Policy changes in China could bode well for healthcare investors

China remains at the center of broad healthcare policy changes in Asia in 2016. The country is home to the world's largest population, abandoned the one-child policy last year and still boasts impressive rates of economic growth that have helped nurture healthcare companies and biotechs that catch investor attention.

In the coming year, it also has a chance to build on closely watched moves to reform the way it regulates clinical trials and research, buys essential drugs and gets more of its citizens access to basic health through insurance and targeting chronic diseases.

To be sure, there are plenty of pitfalls for companies foreign and domestic in the Middle Kingdom to watch out for. But calendar year 2016 and the Chinese Year of the Monkey could see some bold policy strokes made in the past year bear fruit.

One area to watch is precision medicine, with a policy initiative slated for March built on tapping genomic data and no shortage of companies in the fray, from WuXi AppTech to BGI.

In the discovery space, at least two biotechs--Beijing-based BeiGene and Hong Kong-based Hutchison China MediTech (Chi-Med), a unit of Hutchison MediPharma--are looking to raise cash in initial public offerings on the Nasdaq in the $100 million range.

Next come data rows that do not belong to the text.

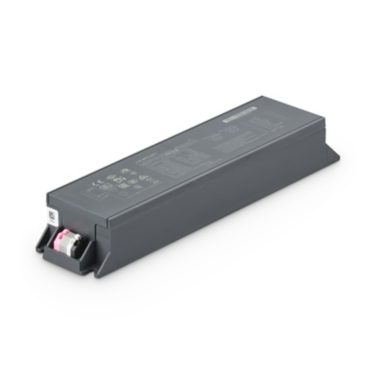 929002171906-Xi-SR-75W-02-07A-SNEMP-230V-S240-sXt-RTP.jpg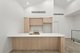 Photo - 8 Newton Crescent, Oak Flats NSW 2529 - Image 3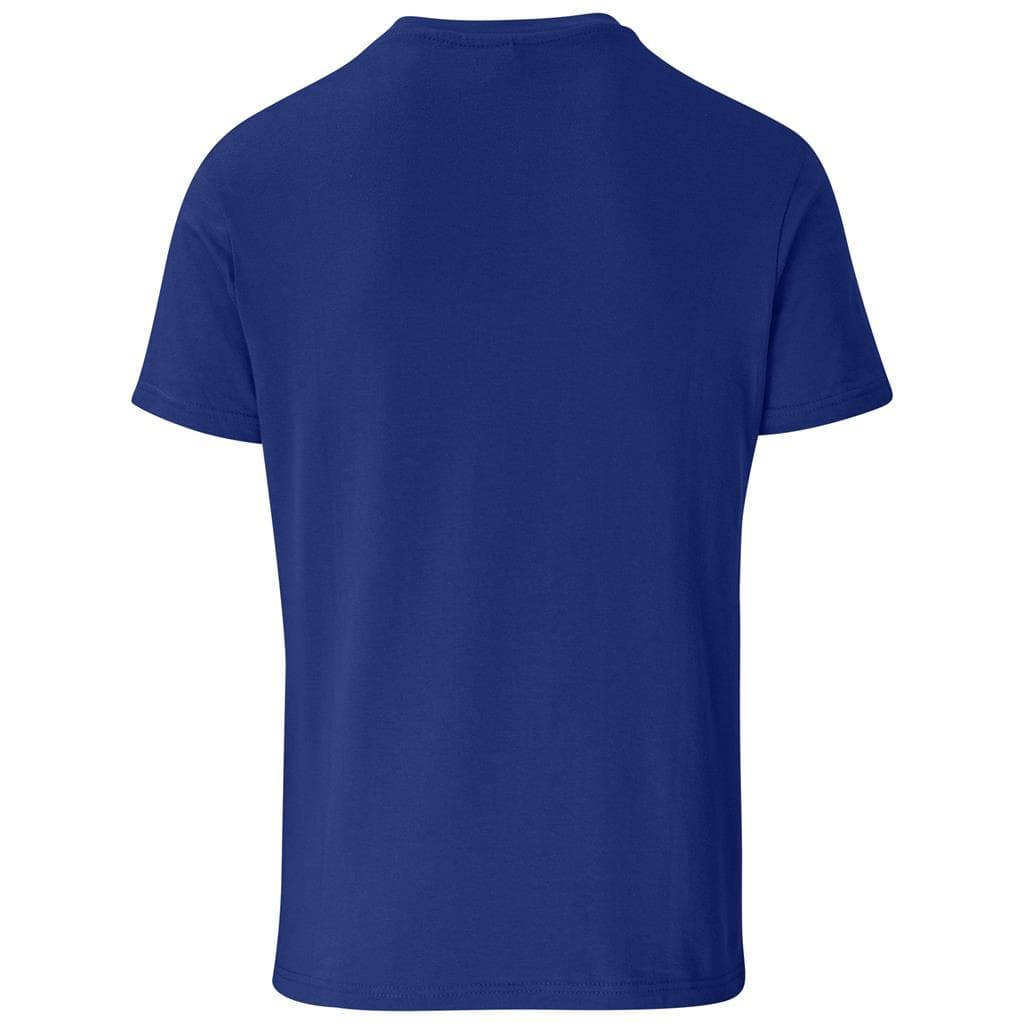 Kids Super Club 150 T-Shirt thumbnail 26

At the same time, Samantha Du-led ZAI Lab has raised $100 million-plus in Series B funding.

What's more, moves to cement good manufacturing practices (GMP) as the building block of China FDA regulations holds the prospect of weeding out small firms that do not have the resources or commitment to quality--with dozens of firms seeing their mandatory GMP certificates revoked last year for failing to pass muster.

This comes on top of a widely noted effort to clean up clinical data called a "cancer" on the industry by no less than CFDA director Bi Jingquan.

One way to assess how these changes may play out on the bottom line is to look at GlaxoSmithKline ($GSK) and its comments on China in the upcoming fourth quarter earnings call.

GSK has rolled out a new sales model in China that seeks to move away from a "more, more, more" approach--as the company's China head Hervé Gisserot told the FT last year--to one that seeks to roll with policy pushes for lower cost drugs and partnerships in pressing disease areas.

That was borne out in a decision to allow HIV therapy Tivicay to be made in China by Shanghai-based Desano Pharmaceuticals under a deal with the British drugmaker's ViiV Healthcare arm.

Finally, policy moves to expand access to basic healthcare insurance in a country quickly growing old, prompting it to end a controversial and decades-old one-child policy last year, means a bigger market potentially for vaccines and other child-related care.

How that pans out though is a subject of intense interest, with many analysts saying the move to end the one-child policy, now allowing two children, may be too little too late.